February has been set aside as Black History month, a practice that began officially in 1976 when President Gerald Ford declared February as Black History month, “urging the public to ‘seize the opportunity to honor the too-often neglected accomplishments of Black Americans in every area of endeavor throughout our history.’” But its origins date much further back to 1926 when noted historian Carter G. Woodsen, the Harvard-trained historian, and the prominent minister Jesse E. Moorland founded the Association for the Study of Negro Life and History (ASNLH), an organization dedicated to researching and promoting achievements by Black Americans and other people of African descent, set aside a week in February to honor Black history.

As two white men actively involved in racial justice work and trying to learn what it means to be antiracist, we wanted to see how tainted our current understanding of Black history was, and what we needed to learn to be better informed.

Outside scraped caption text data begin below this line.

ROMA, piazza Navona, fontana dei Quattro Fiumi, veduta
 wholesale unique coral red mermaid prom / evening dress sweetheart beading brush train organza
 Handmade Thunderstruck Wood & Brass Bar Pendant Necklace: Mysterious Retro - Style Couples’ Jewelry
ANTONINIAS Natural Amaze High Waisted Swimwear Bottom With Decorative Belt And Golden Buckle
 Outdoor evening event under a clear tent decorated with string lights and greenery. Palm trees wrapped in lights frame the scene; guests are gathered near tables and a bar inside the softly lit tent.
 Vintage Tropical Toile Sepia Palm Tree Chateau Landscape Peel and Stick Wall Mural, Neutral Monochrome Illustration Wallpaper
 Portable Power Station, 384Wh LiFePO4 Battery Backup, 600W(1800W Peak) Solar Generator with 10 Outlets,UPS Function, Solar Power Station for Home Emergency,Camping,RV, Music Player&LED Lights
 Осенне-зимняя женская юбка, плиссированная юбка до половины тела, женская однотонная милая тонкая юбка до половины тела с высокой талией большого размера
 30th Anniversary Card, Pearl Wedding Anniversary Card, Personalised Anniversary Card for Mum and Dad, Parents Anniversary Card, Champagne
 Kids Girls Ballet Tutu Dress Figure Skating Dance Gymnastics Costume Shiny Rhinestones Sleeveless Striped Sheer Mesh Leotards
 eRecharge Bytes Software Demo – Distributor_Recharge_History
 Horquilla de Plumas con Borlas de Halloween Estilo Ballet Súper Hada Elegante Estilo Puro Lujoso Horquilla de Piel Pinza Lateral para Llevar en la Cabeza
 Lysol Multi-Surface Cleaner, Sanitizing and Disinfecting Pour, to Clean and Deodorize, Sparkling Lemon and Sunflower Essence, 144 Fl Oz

To be sure, there is no shortage of conflicting narratives available to misinform perspectives on this topic. Everything from disinformation about Critical Race Theory – what it is, what it means, and what it’s not, to those attempting to hijack the month’s focus for political or economic gain. For example, you have leaders like Virginia’s governor Glenn Youngkin issuing an executive order to ban Critical Race Theory from places it never existed while simultaneously declaring, “We must equip our teachers to teach our students the entirety of our history – both good and bad. From the horrors of American slavery and segregation, and our country’s treatment of Native Americans…” with no tangible plans to measure whether or not such education is actually happening. Then there’s numerous examples of organizations who promised to stand for racial equity in the tragic wake of George Floyd’s murder, but whose actions since haven’t yielded much. Many organizations are hosting lunches, lectures, and events this month to celebrate some version of Black history, and honor the experience of Black people in America. But those events sometimes prove little more than tokenistic when you view them against the backdrop of the volume of information kept from mainstream conversations about actual Black history. Journalist Nathalie Baptiste offers a proactive suggestion: Cancel Black history month. She suggests,

“Black History month is increasingly being co-opted by the people who have yet to trade in their whistles for bullhorns. It has been commercialized, whitewashed and hijacked — so let’s put an end to this version of it. If, as Dr. Cornel West coined it, Martin Luther King Jr. has been ‘Santa Claus-ified,’ then Black History Month has become Christmas… Actual Black history is more important than ever, but the way it’s been commodified has turned it into a veil…to pontificate about Blackness in a way that does more harm than good. Every February, they can regurgitate the same whitewashed stories of Black people, and in turn, it’s easier to spend the other 11 months being racist and excusing it with the fact that they “honor” Rosa Parks once a year.”

We spoke with Dr. Zoe Spencer, an Emmy award winning writer, author, activist professor of sociology at Virginia State University and CEO of Diverse Relations Group LLC. Most importantly, she is a Black mother, grandmother, and freedom fighter. Given her depth of expertise in this area, we wanted to hear her views on how to reclaim Black History month to live up to its true intended purpose. She says,

“The biggest challenge with Black History month is that it perpetuates the myth that Black history began with enslavement in the United States. That’s Black American history. But that is an erasure of Black history. It allows Europeans and Americans to recreate the narrative of what Africa was before colonialism and imperialism. It erases the contributions of great African civilizations, universities like Timbuktu, the existence of great African leaders like Mansa Musa, Hatshepsut, and others. We need to keep reminding people that slave traders didn’t steal slaves from Africa. They stole doctors, teachers, scientists, writers, artists, kings, queens, philosophers, parents, and children. Their brilliance was hidden behind distorted images and narratives that Africans were savages and subhuman. And those narratives continue today.”